Problem details:
Only some lines are wanted: please transcribe exactly those from the one containing "Black Widow Spiders Transparent Images" through the end of the data, pictures excluded.

Extracted entries:

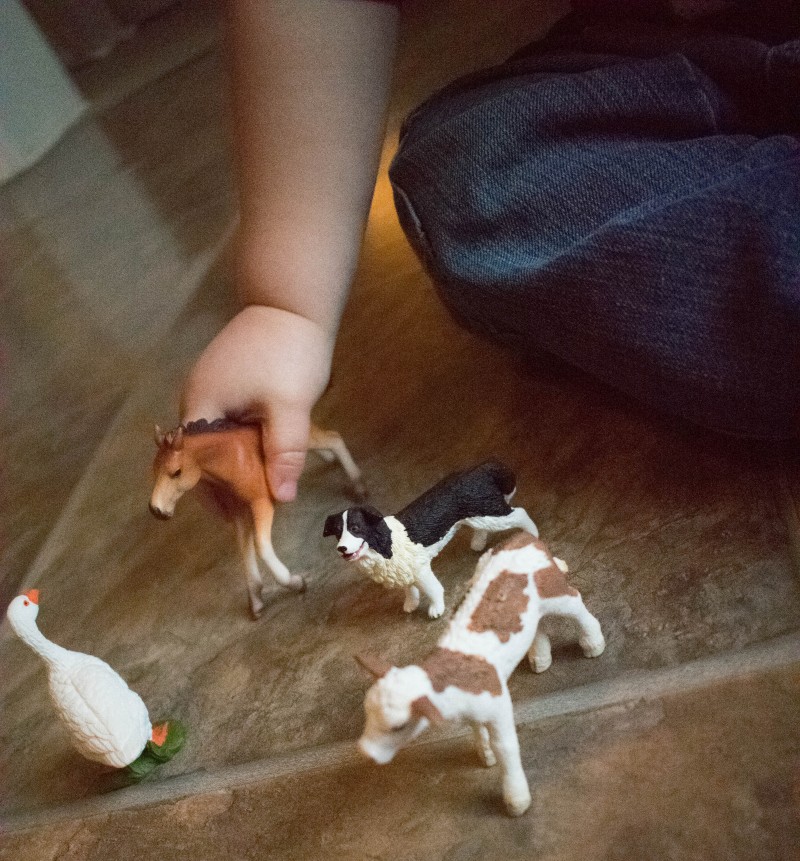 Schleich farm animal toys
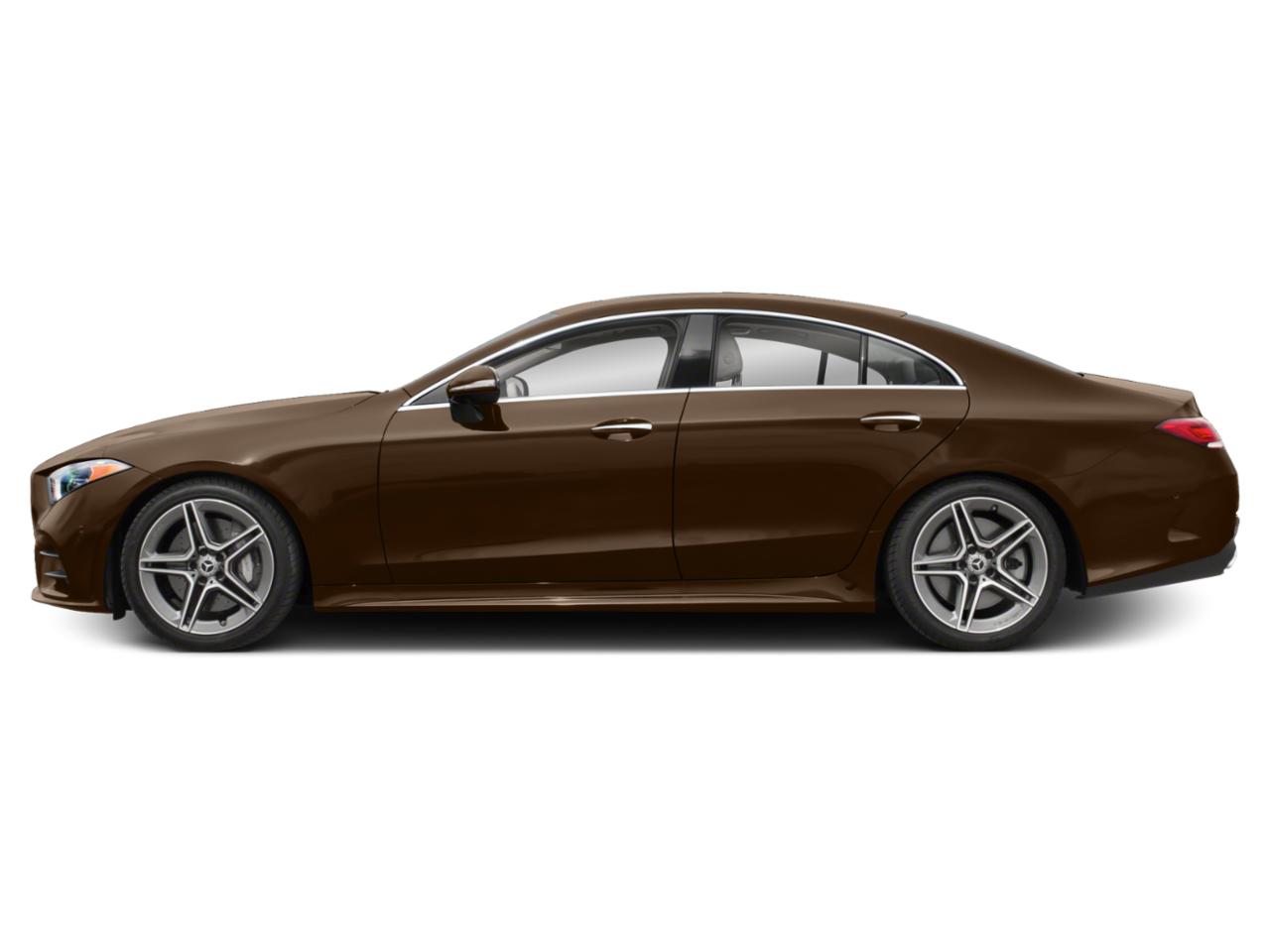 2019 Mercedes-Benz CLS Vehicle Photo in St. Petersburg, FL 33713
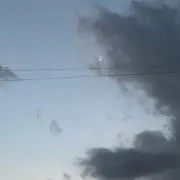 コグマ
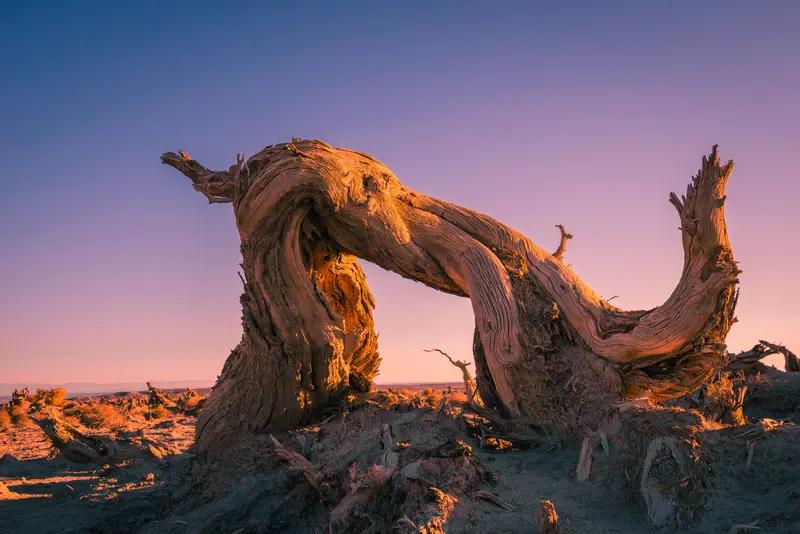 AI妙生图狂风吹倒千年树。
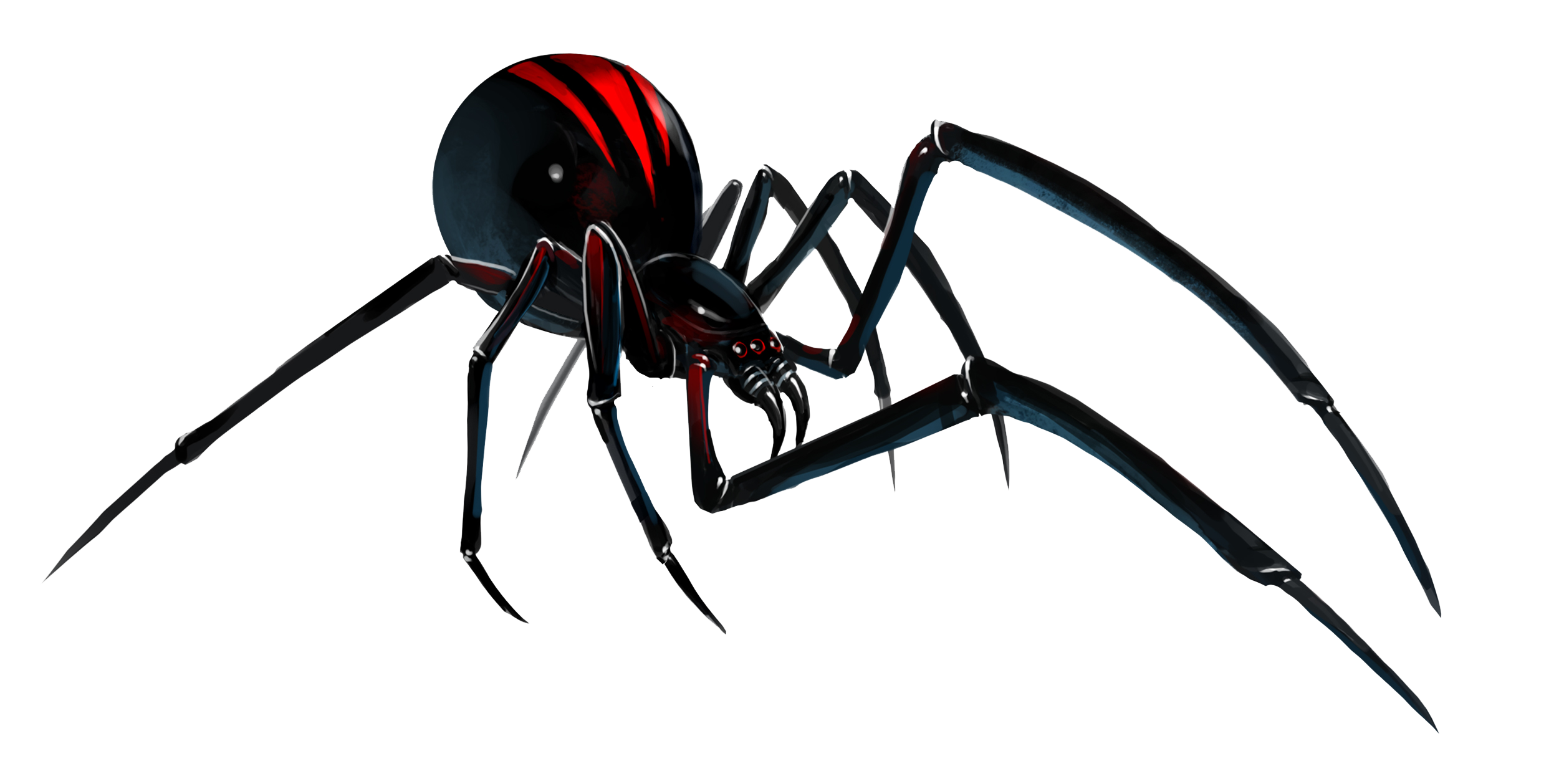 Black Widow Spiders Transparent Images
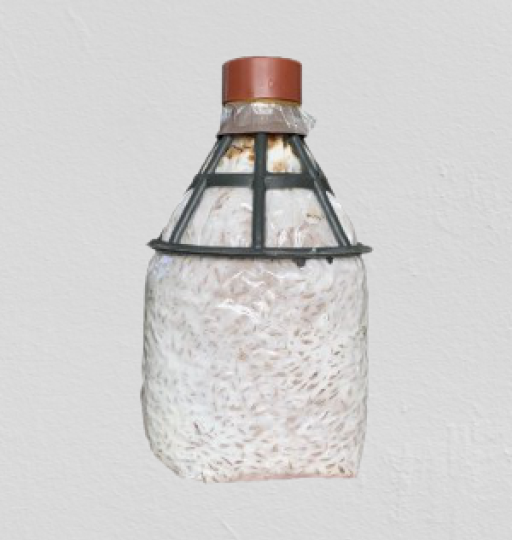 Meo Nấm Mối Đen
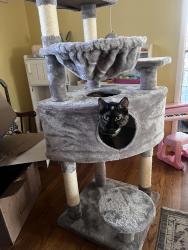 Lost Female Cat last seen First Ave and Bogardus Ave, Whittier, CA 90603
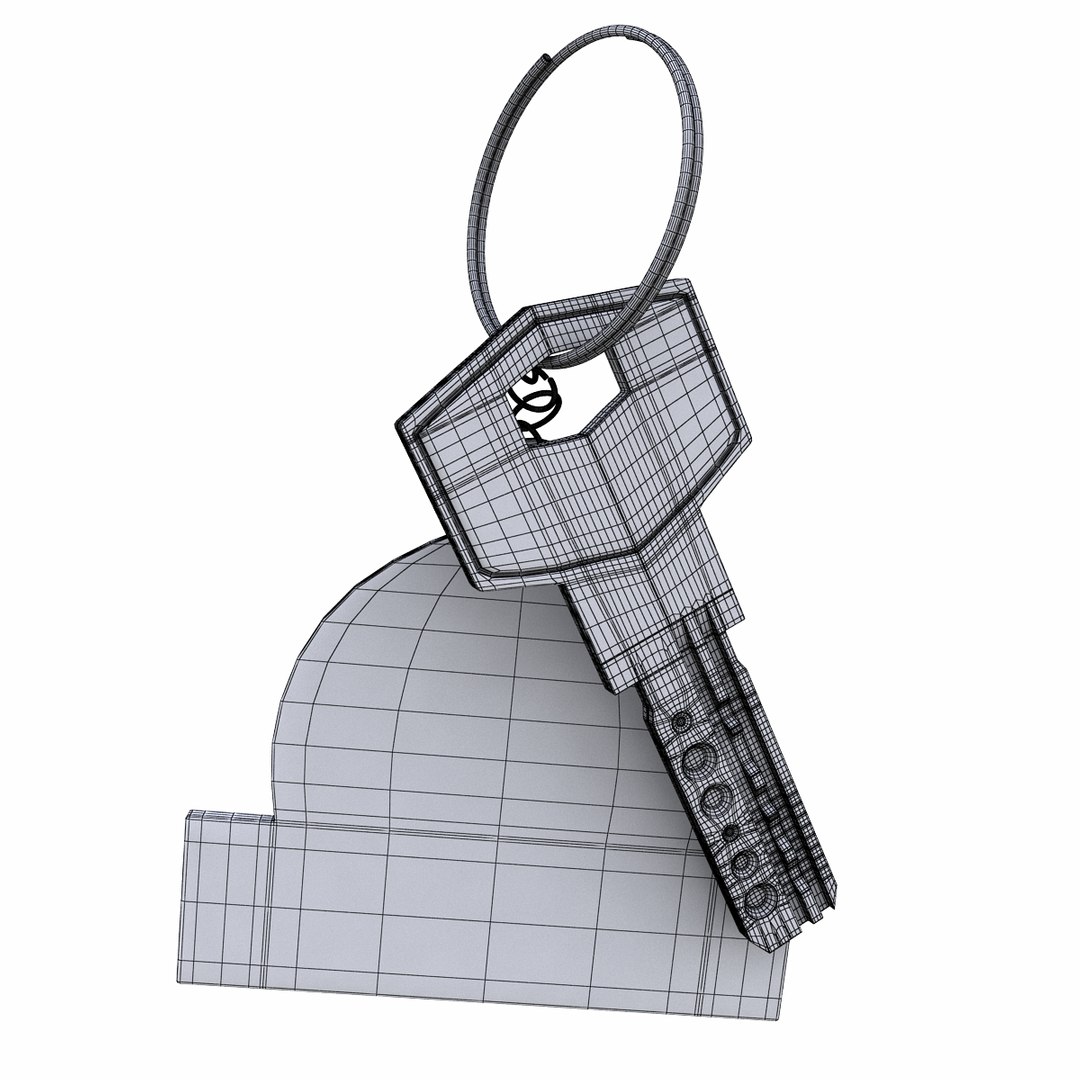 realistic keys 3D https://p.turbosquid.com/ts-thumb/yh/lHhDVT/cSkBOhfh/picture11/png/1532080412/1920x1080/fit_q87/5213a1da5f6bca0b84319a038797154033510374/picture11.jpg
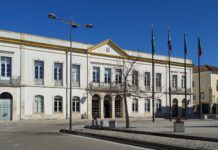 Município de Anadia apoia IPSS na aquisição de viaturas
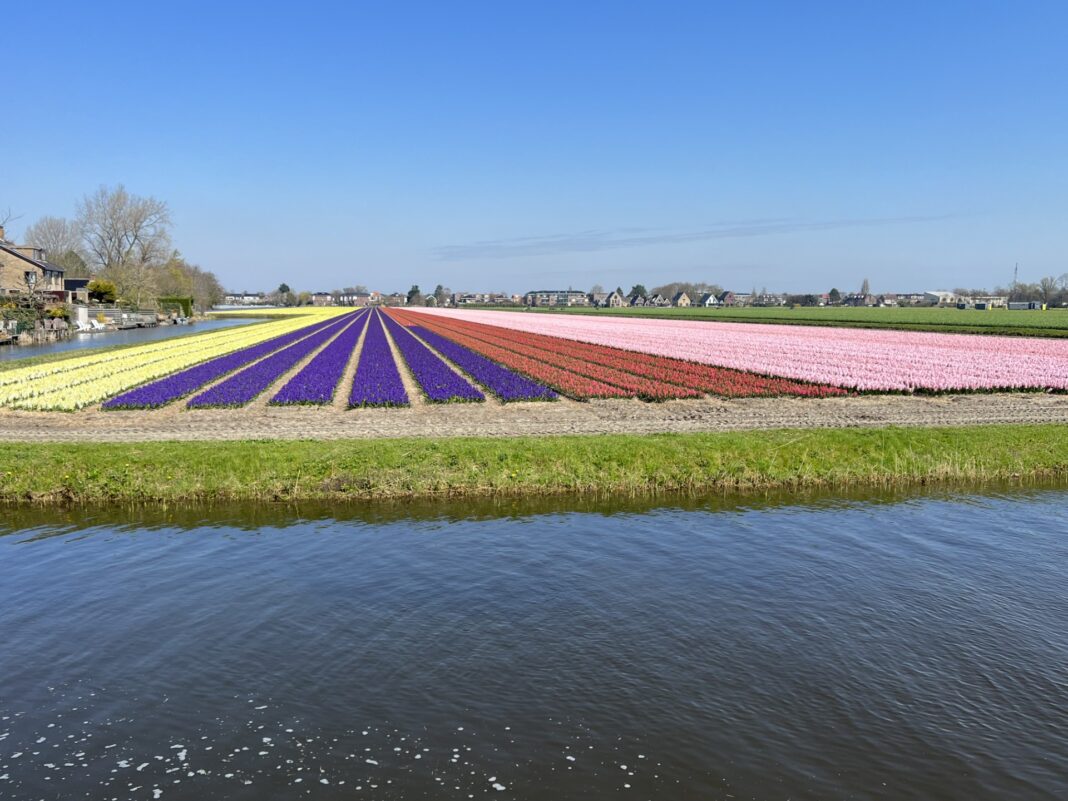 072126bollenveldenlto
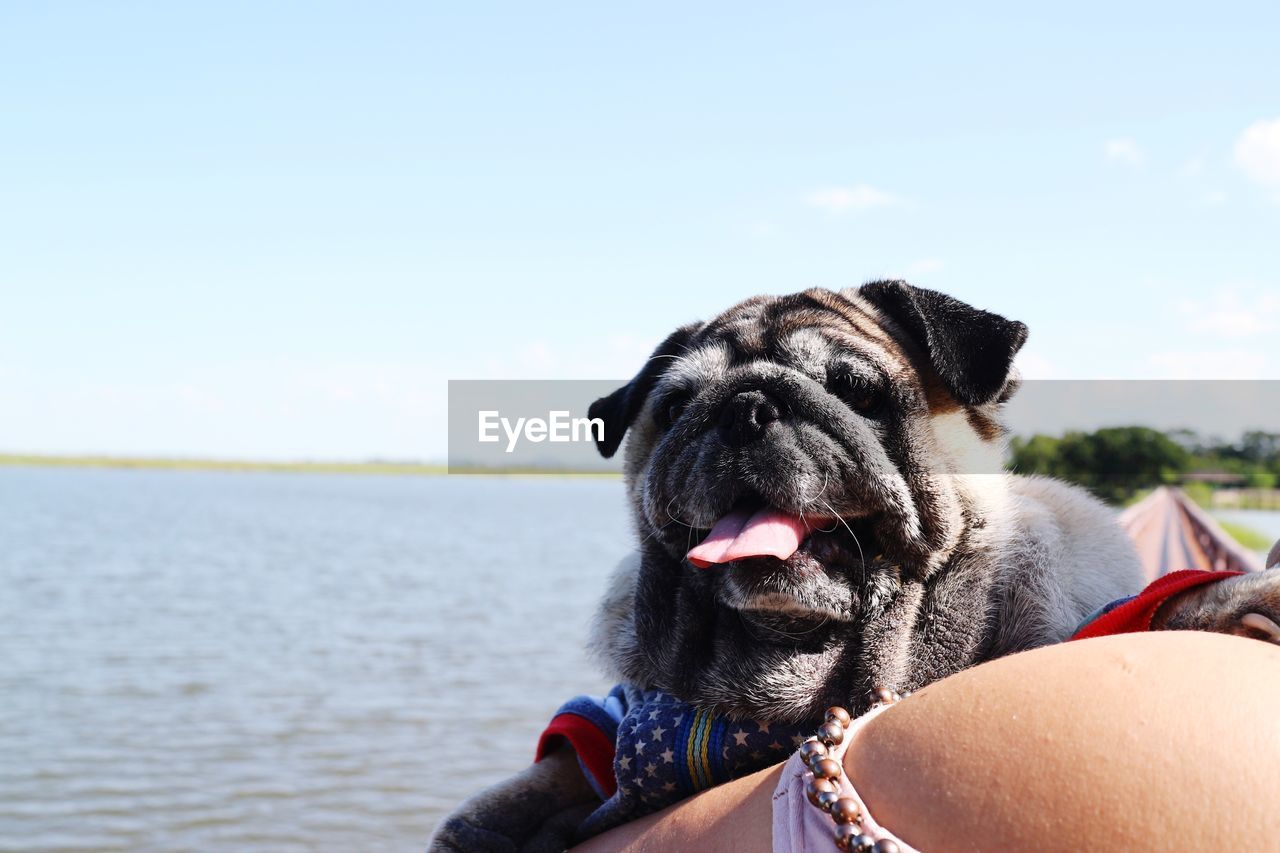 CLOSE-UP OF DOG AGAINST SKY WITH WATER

Expected output:
 Black Widow Spiders Transparent Images
 Meo Nấm Mối Đen
 Lost Female Cat last seen First Ave and Bogardus Ave, Whittier, CA 90603
 realistic keys 3D https://p.turbosquid.com/ts-thumb/yh/lHhDVT/cSkBOhfh/picture11/png/1532080412/1920x1080/fit_q87/5213a1da5f6bca0b84319a038797154033510374/picture11.jpg
 Município de Anadia apoia IPSS na aquisição de viaturas
 072126bollenveldenlto
 CLOSE-UP OF DOG AGAINST SKY WITH WATER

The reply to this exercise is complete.